Please restate the records that follow word for word, omitting any images.
━━━ EXCERPTED RECORDS
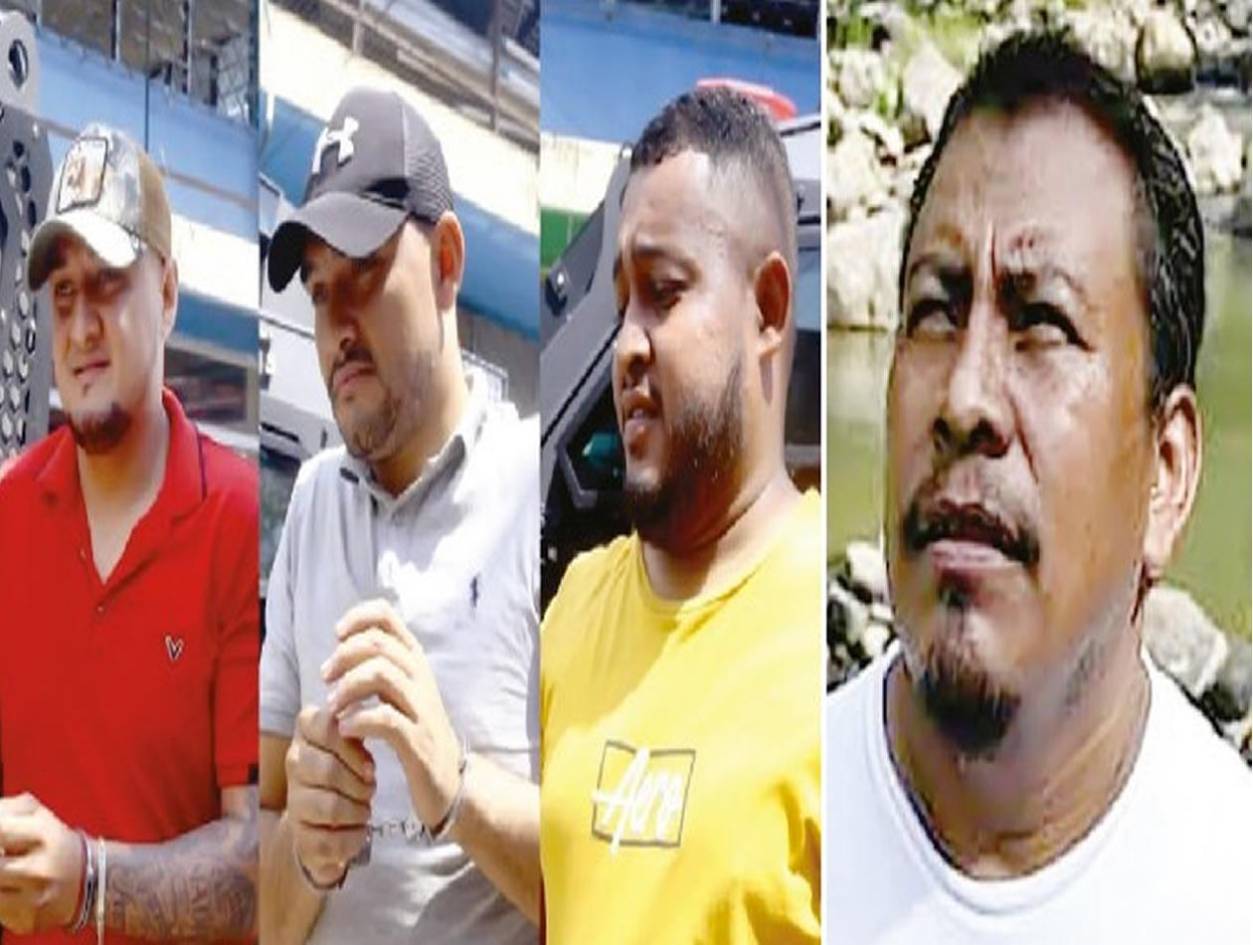 Acusado en crimen de Juan López pide juicio abreviado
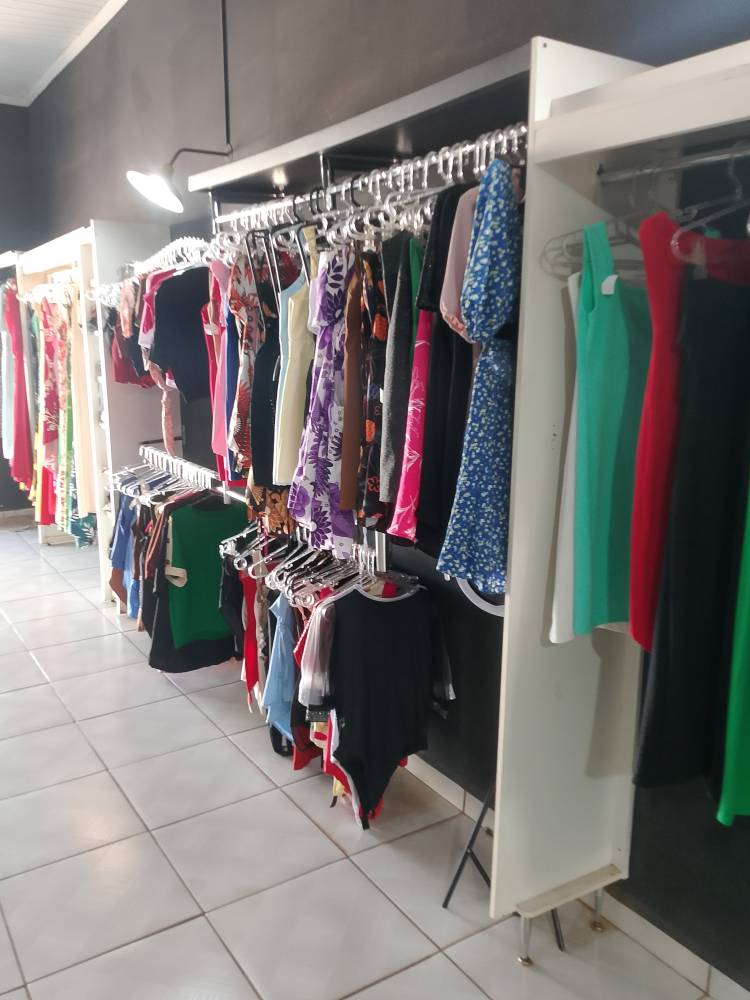 Galeria STATUS MODAS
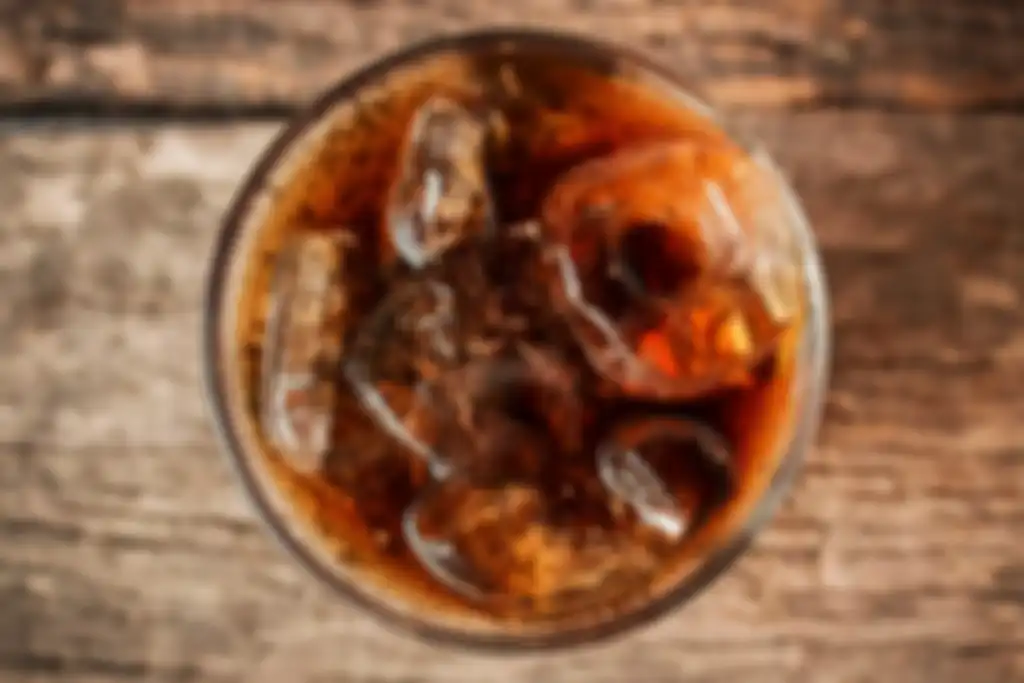 Minuman bersoda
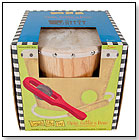 Shake Rattle And   Drum by WESTCO EDUCATIONAL PRODUCTS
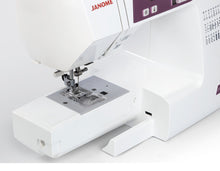 Load image into Gallery viewer, JANOME 2030DC-G COMPUTERIZED SEWING MACHINE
━━━━━━
→ ANSWER TO THIS PROBLEM:
 Acusado en crimen de Juan López pide juicio abreviado
 Galeria STATUS MODAS
 Minuman bersoda
 Shake Rattle And   Drum by WESTCO EDUCATIONAL PRODUCTS
 Load image into Gallery viewer, JANOME 2030DC-G COMPUTERIZED SEWING MACHINE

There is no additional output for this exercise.